Please suggest ways to minimize delays or other traffic issues.


----------



## BevL (May 11, 2014)

Take I-5 to Bellingham and look for the exit at Belllis Fair Mall to Lyndon via the Guide Meridian/Highway 539.  Follow it north through Lyndon and keep going, you'll hit the Canadian border.  When you cross, keep heading north via Highway 13/264th Street to Highway 1, the Trans-Canada.  

Take HIghway 1 Westbound over the Port Mann Bridge - it is a toll bridge and you can get info on that at treo.ca - keep followig the highway over the Ironworkers Memorial AKA Second Narrow Bridge.  Just stay on Highway through North Vancouver, West Vancouver and take the turnoff for Whistler.  You will have no city driving, all highway.

I think I have those directions right.  Steve aka TROglodyte will hopefully confirm or correct, I think this is his route of choice.


----------



## ricoba (May 12, 2014)

BevL said:


> Take I-5 to Bellingham and look for the exit at Belllis Fair Mall to Lyndon via the Guide Meridian/Highway 539.  Follow it north through Lyndon and keep going, you'll hit the Canadian border.  When you cross, keep heading north via Highway 13/264th Street to Highway 1, the Trans-Canada.
> 
> Take HIghway 1 Westbound over the Port Mann Bridge - it is a toll bridge and you can get info on that at treo.ca - keep followig the highway over the Ironworkers Memorial AKA Second Narrow Bridge.  Just stay on Highway through North Vancouver, West Vancouver and take the turnoff for Whistler.  You will have no city driving, all highway.
> 
> I think I have those directions right.  Steve aka TROglodyte will hopefully confirm or correct, I think this is his route of choice.
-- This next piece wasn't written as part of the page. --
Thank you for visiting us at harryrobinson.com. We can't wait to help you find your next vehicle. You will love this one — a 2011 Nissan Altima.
Not Steve, but you are spot on Bev.

I-5 North to Guide Meridan Road North (Exit 256A-256B) right by the Bellis Fair Mall in Bellingham.  Keep on Guide Meridan North and go through Lynden, WA.
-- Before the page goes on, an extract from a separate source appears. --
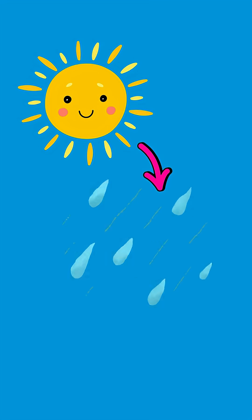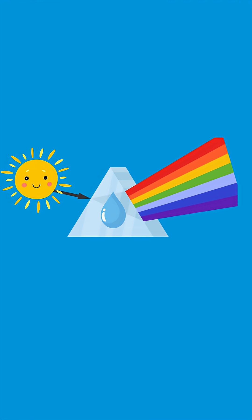When sunlight hits raindrops, it slows down, bends and splits, like bouncing through millions of tiny prisms. That's what makes the colours.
Prior to Lynden they have put in a bunch of "roundabouts"/traffic circles, just keep on Guide Meridian going north..  You will pass through the small town of Lynden and reach the US/Canada Border.  

Just keep heading north on this same road, but like Bev says it's now 13/264th Street.  From there you will get to the 1 Hwy, Trans Canada.  Take the exit west to Vancouver.

You will not be going through Vancouver specifically, but you will be in city traffic once you cross the Port Mann Bridge, which is a toll now. (We didn't have license plates on our last trip this past April, but they will charge you by getting a photo of your license plate and send you the bill.  Last May, we did the same trip and we got a bill from BC for about $3 US.)  There aren't toll booths.

Keep on this same highway, you will be going through Coquitlam, Burnaby and the eastern edge of Vancouver as you go over the the Second Narrows/Ironworkers Bridge.  

After you cross over this bridge you are in North Vancover/West Vancouver, still on Hwy 1. The Trans-Canada carries on to Horseshoe Bay, but you start the route to Whistler on the Sea-to-Sky Highway, BC 99  north to Squamish and then on to Whistler.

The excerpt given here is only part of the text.